J'ai trouvé une belle force dans les portraits de Pénélope, son esclave Leanira, son "amie" Clytemnestre l'épouse d'Agamemnon, et Electre la fille de celui-ci. Il leur arrive souvent ce qu'il y a de pire pour des femmes, mais elles ont un courage, une force et une intelligence qui force le respect. le portrait de Clytemnestre est celui qui m'a frappée en premier et elle sera tel un fil rouge guidant les autres à travers ce tome. Puis on sera frappé par le destin et le réalisme d'Electre, héroïne discrète, avant de réaliser toute la ruse de Pénélope et Leanira. J'ai adoré ! En particulier dans les tout derniers chapitres.
Cependant, il faut avouer que ces belles intentions, de récits de femmes fortes qui résistent à leur façon à la domination masculine et aux exactions de leurs représentants : père, époux, fils, amis, sujets... sont noyées justement sous les trop nombreuses descriptions du quotidien de ceux-ci. Certes j'aime les récits historiques détaillées retranscrivant richement les décors mais ici, entre le ton trop familier de l'autrice qui casse l'ambiance, sa vision anachronique de l'époque qu'on sent percer un peu partout et surtout ses longueurs et répétitions, j'avais l'impression de tourner en rond et de vivre un jour sans fin... ce qui m'a un peu gâché mon plaisir, sans parler des noms et noms de personnages que je n'arrivais plus à situer parfois car ils ont 2 lignes avant de revenir 100 pages plus tard... Et sentir en plus monter ma colère contre ses hommes et voir ceci se répéter en prime, n'a pas aidé. J'aurais bien mis un bonne fessée à Télémaque par exemple et castré plus d'un mâle de l'histoire, pour ne pas dire plus... Rester à Ithaque fut donc intéressant pour découvrir progressivement, grâce à notre persévérance, la résistance intelligente, brillante même des femmes. Mais rester à Ithaque fut aussi un chemin de croix, tant la narration était molle, sans enjeu clair pendant longtemps et sans réelle tension. On m'a habitué à mieux en récits mythologiques.

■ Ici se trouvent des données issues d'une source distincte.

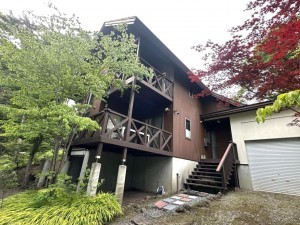 北佐久郡軽井沢町大字長倉、中古一戸建ての画像です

Je saluerai donc l'intention de
Claire North sur ce premier tome du Chant des déesses qui porte si bien son nom et nous fait entendre (un peu trop) la voix froid et lointaine de celle-ci, alors qu'on attendait tous dans notre lecture commune, celle plus chaleureuse des habitantes d'Ithaque si bien représentées, qu'elles soient anonymes ou célèbres, reines, déesses, suivantes ou esclaves. Ces femmes, filles, épouses et/ou mères m'ont séduite, fascinée, marquée dans ce monde qui ne leur est pas prédestinée. J'aurais aimé que l'écriture soit à la hauteur de leur force, de leur courage et ce ne fut le cas que dans les ultimes pages de ce tome. Alors ce n'est pas la chronique d'un coup de coeur que je vous livre, pas plus que celle d'un échec, mais celle d'une lecture qui m'a interpelée et que j'aurais aimé plus humaine.